Due grandi modelli della conversazione critica cinematografica sono André Bazin e James Agee, per cui leggerli significa comprendere qualcosa che – attraverso il cinema – riguarda la vita e la forma di un suo possibile cambiamento. Questa rubrica nasce dunque animata dall’esigenza di conversare con opere (film, libri, spettacoli teatrali) del presente, ma anche del passato che riguardano il presente, con idee ed eventi che segnano la vita culturale. Che non è solo segnata dalla forma “maggioritaria” di ciò che accade, ma anche da quella “minoritaria” di ciò che potrebbe accadere, basta anche solo poterlo immaginare.

Prendiamo un esempio della recente serialità televisiva (di cui sono spettatore solo occasionale), Dieci capodanni. La serie ha avuto una certa fortuna, se ne è colta la qualità, ma senza evidenziarne la portata radicalmente innovativa per il racconto dell’amore nel suo rapporto con il tempo. Cioè, qualcosa che definisce la condizione umana in genere. Il film è costruito sull’incrocio tra il ciclo del tempo, segnato dal ritorno dei capodanni, e un tempo lineare che attraversa tale ripetersi. Vediamo una linea del tempo in cui ciò che ritorna torna mutato. E di tale cambiamento bisogna tenerne conto. La vita non è altro che la forma in cui accogliamo il cambiamento di ciò che torna.

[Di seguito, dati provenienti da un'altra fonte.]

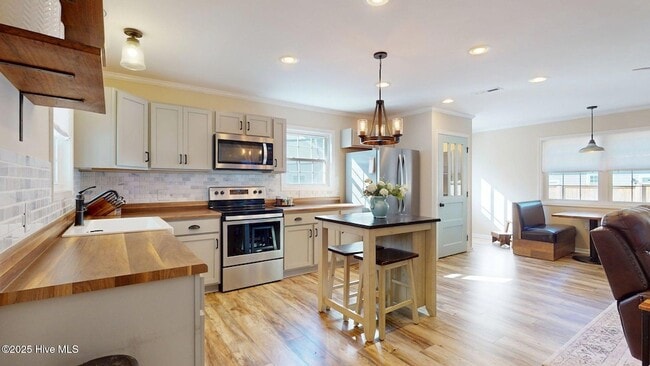 Photo - 202 Sheldon Rd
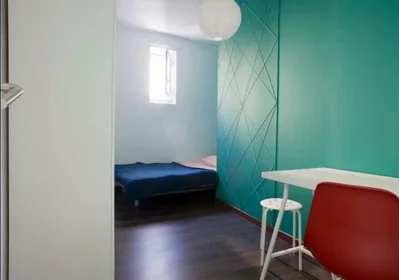 Privatzimmer in der Calçada da Tapada, Lisbon, bild 1 von 10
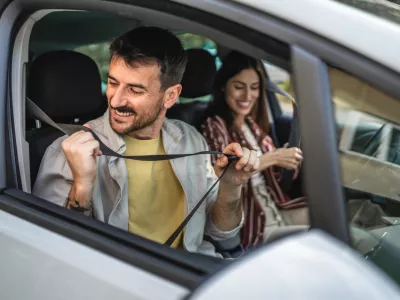 Naj smo v vlogi potnika ali voznika, ko se usedemo v avto, se moramo takoj nujno pravilno pripeti z varnostnim pasom. / Foto: Istock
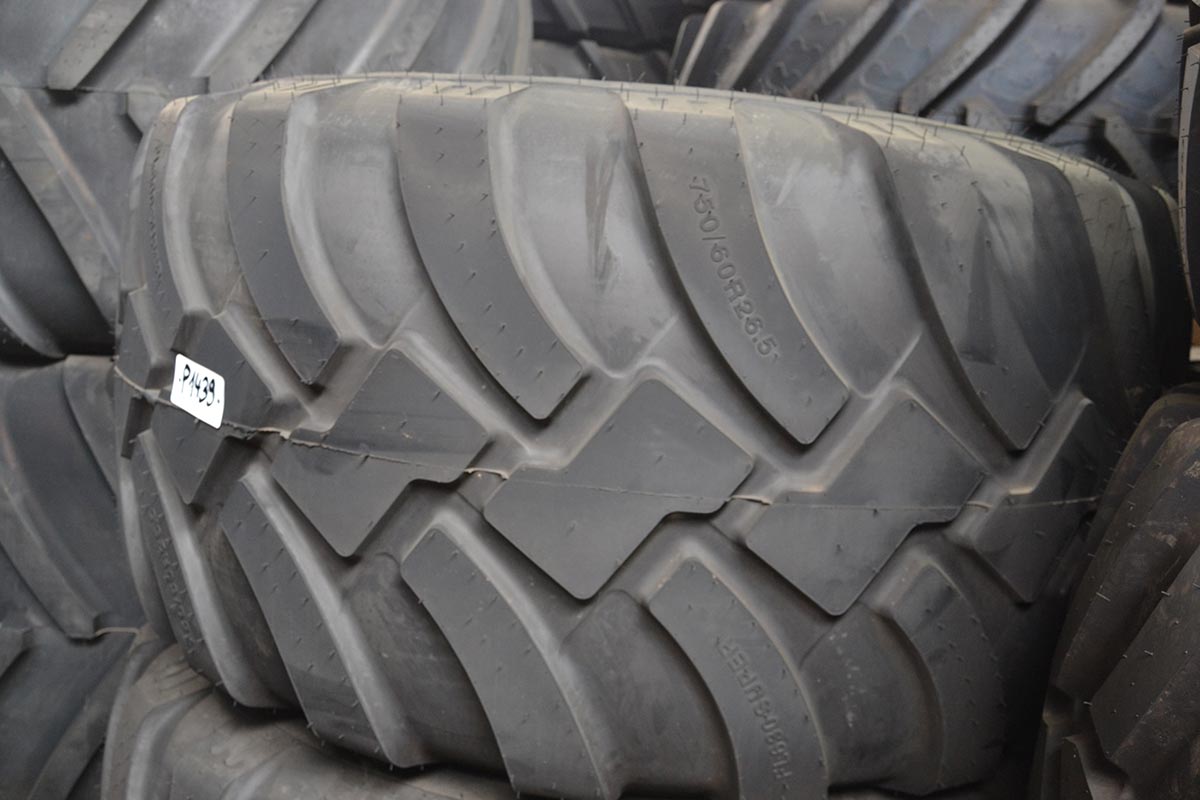 BKT 750/60 R26.5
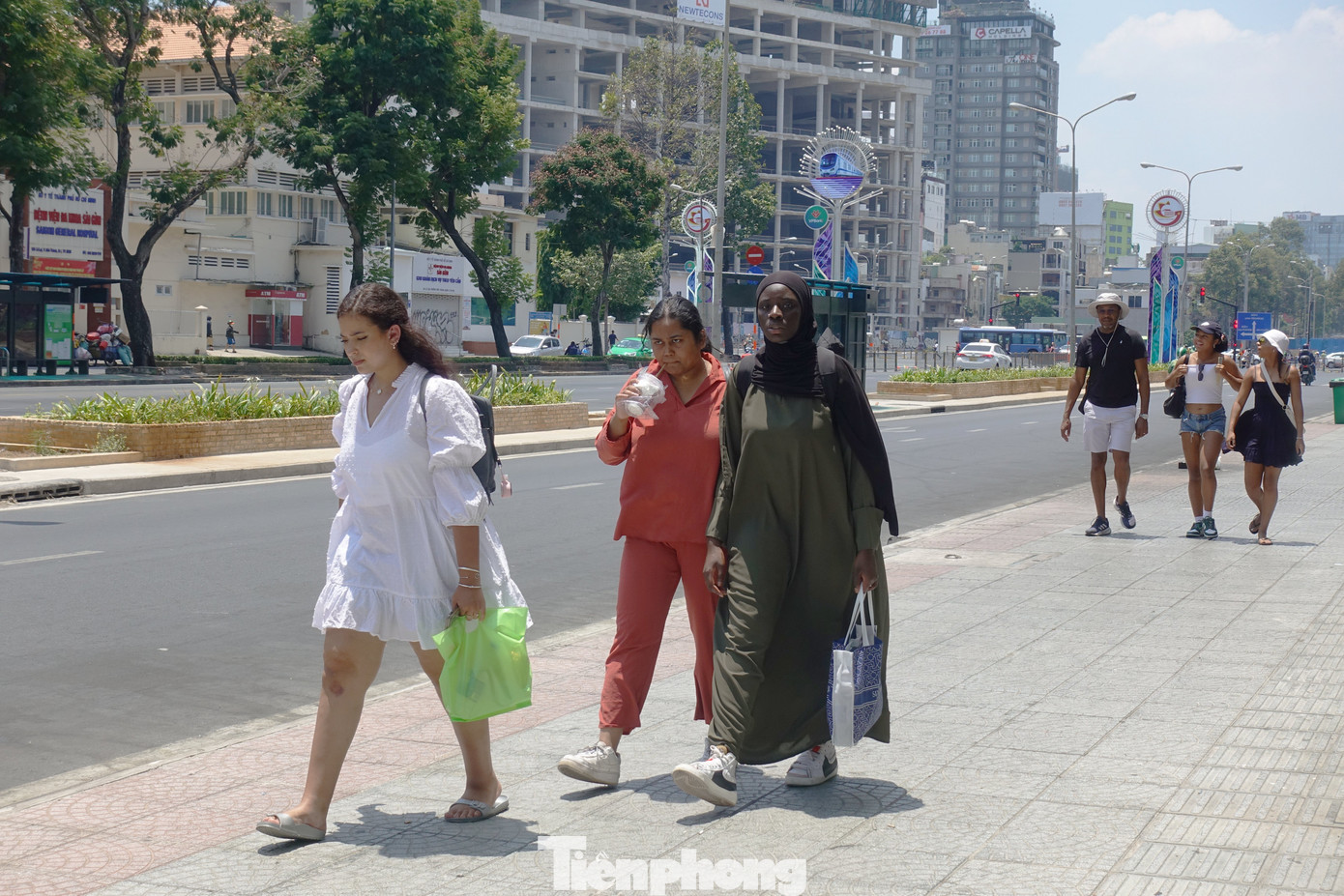 Đường Lê Lợi kết nối các địa điểm tham quan, mua sắm ở trung tâm TPHCM nên thu hút rất đông du khách nước ngoài.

All’interno di tale incrocio di tempi si misura anche l’uso del piano sequenza, dove il movimento della macchina da presa ci restituisce la continuità del tempo dell’azione (come nella scena della stanza d’albergo nell’ultimo episodio), che si intreccia con gli stacchi che ritmano il ritorno ciclico dei capodanni. La forza di Dieci capodanni sta nel presentarci un destino possibile dell’amore oggi, lontano sia dall’illusorietà della commedia romantica che dal pressoché esclusivo racconto tragico-melodrammatico dell’amore che viene fatto dai media (“amore criminale”). Dieci capodanni mette in immagine una possibilità felice di abitare il tempo e i nostri sentimenti, riscoprendo la condizione allo stesso tempo incerta e gioiosa, ripetitiva e nuova, dolorosa e felice, della nostra umanità.